Data extract
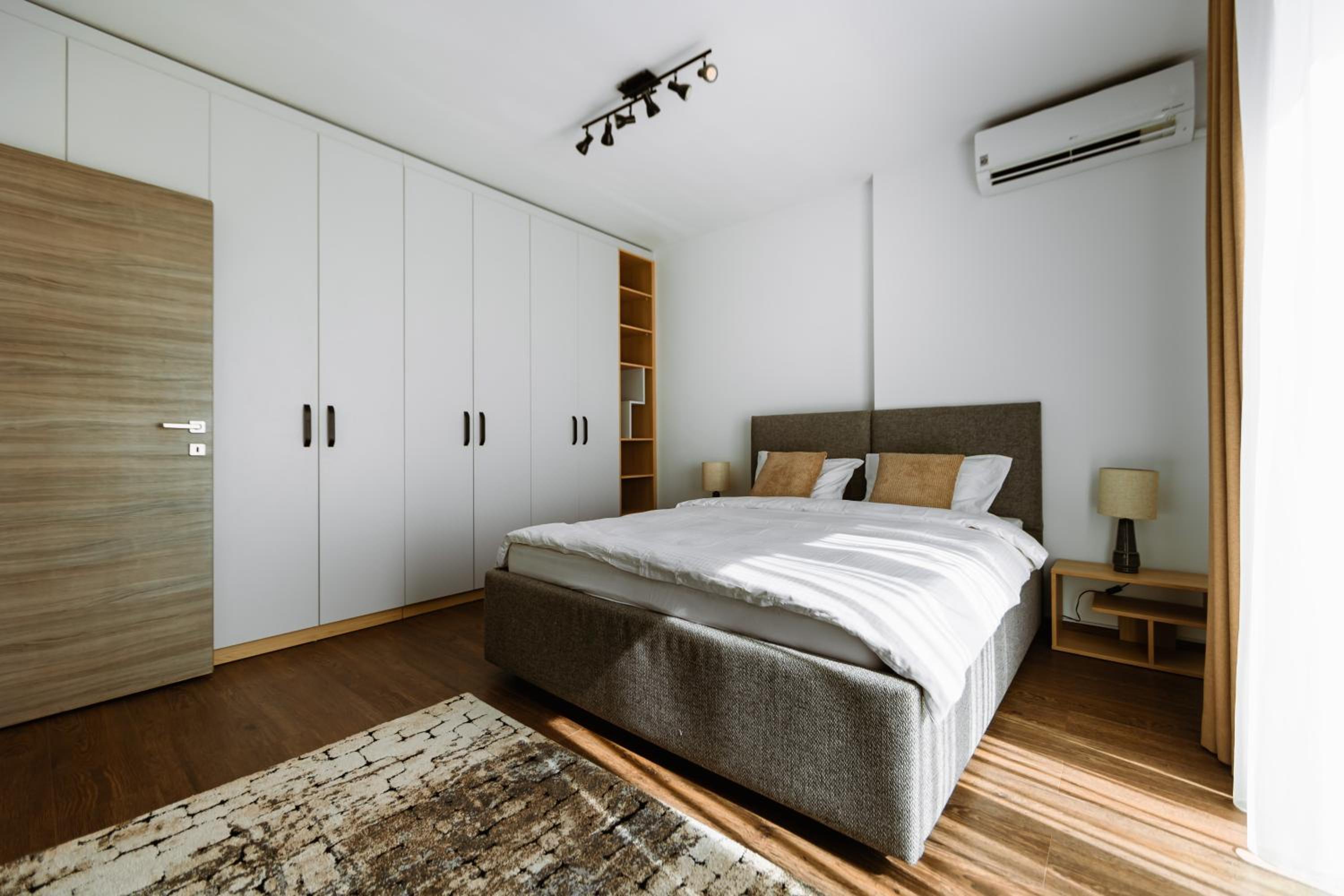 Bucharest Unirii Square Luxury Apartment SOHO Piata Unirii view 2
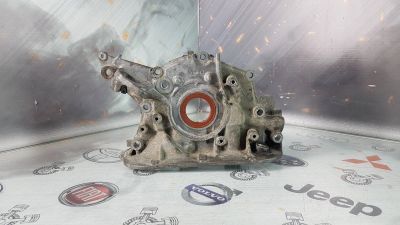 Лот: 23584080. Фото: 1. Насос масляный Toyota Granvia... Двигатель и элементы двигателя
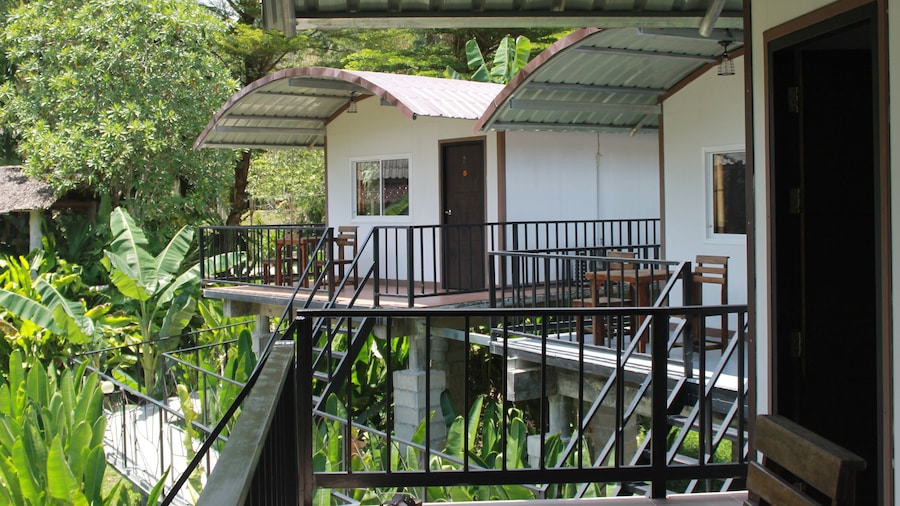 Khaosok River Camp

Instructions for the task
Reproduce the listing exactly. The pictures are to be omitted.

Answer below
 Bucharest Unirii Square Luxury Apartment SOHO Piata Unirii view 2
 Лот: 23584080. Фото: 1. Насос масляный Toyota Granvia... Двигатель и элементы двигателя
 Khaosok River Camp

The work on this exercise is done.